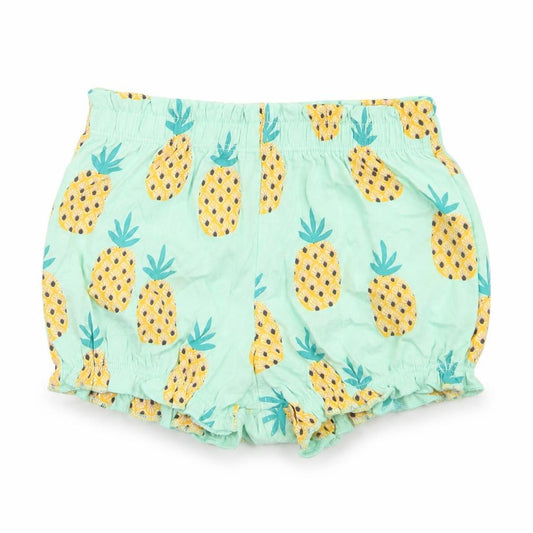 Front view of F&F girls’ blue geometric cotton cropped trousers, size 12-18, months - pineapple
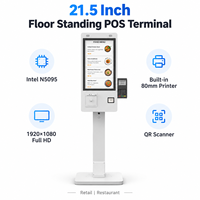 Terminal de point de vente sur pied de 21,5 pouces, Intel N5095, Full HD 1920x1080 avec imprimante thermique 80 mm, scanner QR pour la vente au détail et la restauration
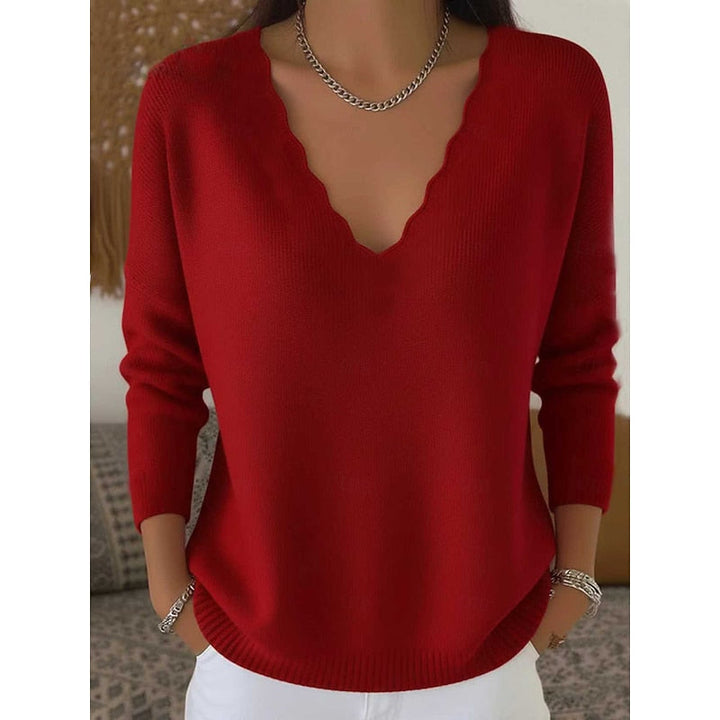 Vivienne scalloped V-neck sweater in apricot, front view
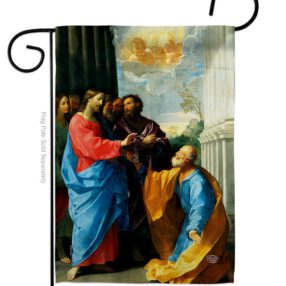 Christ Giving the Keys - Faith & Religious Inspirational Vertical Impressions Decorative Flags HG192549 Made In USA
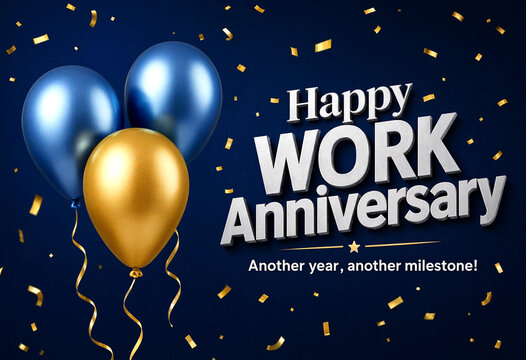 Happy Work Anniversary Celebration With Balloons and Confetti Design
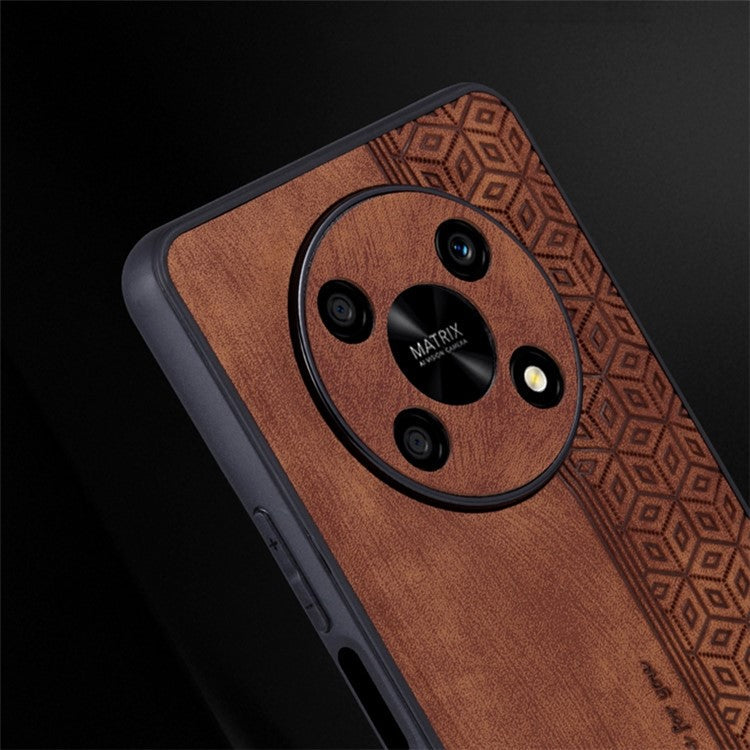 AZNS For Honor X9 5G / X30 5G / Magic4 Lite 5G Protective Case Anti-fall PU Leather Coated TPU Phone Cover - Brown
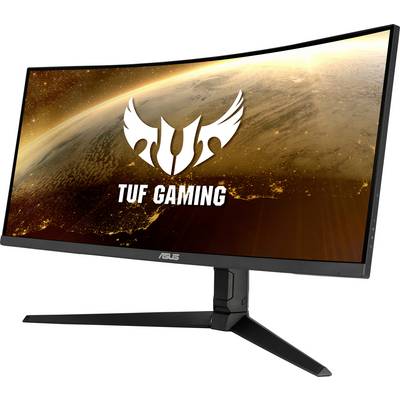 ASUS TUF Gaming Monitor against a space background. The curved display shows Earth from space with glowing city lights.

### What you have to do
A word-for-word copy of the listing is the goal; keep every picture out of it.

### Task solution
 Front view of F&F girls’ blue geometric cotton cropped trousers, size 12-18, months - pineapple
 Terminal de point de vente sur pied de 21,5 pouces, Intel N5095, Full HD 1920x1080 avec imprimante thermique 80 mm, scanner QR pour la vente au détail et la restauration
 Vivienne scalloped V-neck sweater in apricot, front view
 Christ Giving the Keys - Faith & Religious Inspirational Vertical Impressions Decorative Flags HG192549 Made In USA
 Happy Work Anniversary Celebration With Balloons and Confetti Design
 AZNS For Honor X9 5G / X30 5G / Magic4 Lite 5G Protective Case Anti-fall PU Leather Coated TPU Phone Cover - Brown
 ASUS TUF Gaming Monitor against a space background. The curved display shows Earth from space with glowing city lights.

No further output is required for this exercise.